Keep in mind this does not relate to staying true to the mature of the specific song as John mentioned above, it is basically an exercise, but here is one way way one way I have practiced and taught people to incorporate this method:

Play a very simple song, starting with only one chord, say a G.  Improvise using the G major scale. One the first beat of each measure play a G chord tone.  Do not fail to use a chord tone!  On the rest of the beats play other scale tones, in a more or less linear ascending or descending pattern.  For example on the first beat play a G note, hold it for the first and second beats, then on the third beat play an A note, then a B on the forth beat.  The A and B lead our ear up towards the next event, a chord tone on the next downbeat.  On the downbeat of the next measure pick a close by chord tone, it could be the B again or the D note.  Play the new chord tone, holding it for the first and second beats then move up or down, more or less in a linear fashion through the scale  on the third and fourth beats.  This rhythmic phrase I have created actually causes your ear to be lead to the downbeat of the next measure.  In essence the phrase stars on the third beat leading to the downbeat.  If you analyze most vocal phrasing you find that the rhythmic lines tend to start in the middle of measure and end on the downbeat of another measure , where often a chord tone is sustained to give it extra musical weight.

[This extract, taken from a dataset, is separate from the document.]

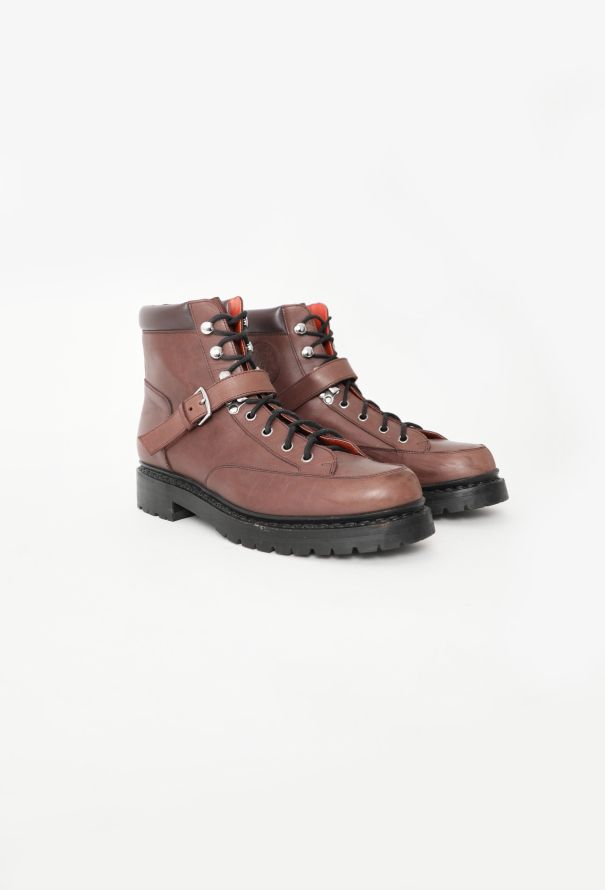 Hermès 2013 Leather Hiking Buckle Boots - 4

Once you are comfortable with the one chord song add a second chord such as the V chord D in the key of G.  Play two measures of each chord.  When you switch to the D chord you switch to the D chord tones as your "target" note for the downbeat of each measure.  Once you are comfortable switching back and forth you can vary the rhythmic phrasing and add new chords, etc.

----------


## John McGann

> Do you think it is worthwhile to go beyond the ability to find/play a given arpeggio, to being able to play it instantly, anywhere on the fretboard, while moving through common chord progressions? Or is just a basic knowledge/facility adequate?


Yes, more than worthwhile- that's what "knowing your chords/arpeggios" is- to be able to get at those notes, not one at a time, but as complete units, in response to the chord of the moment. Jedi level stuff (going beyond the one-octave scale concept into jazz harmony) is superimposing, i.e. Dm maj7 9 sound on a G7 chord to get the G lydian b7 sound (D F A C# or 5 b7 9 #11 13)...so the fundamental understanding of triads is essential before moving into the "upstairs" piece of the harmony, not played as incidental scale tones, but as chord tone extensions.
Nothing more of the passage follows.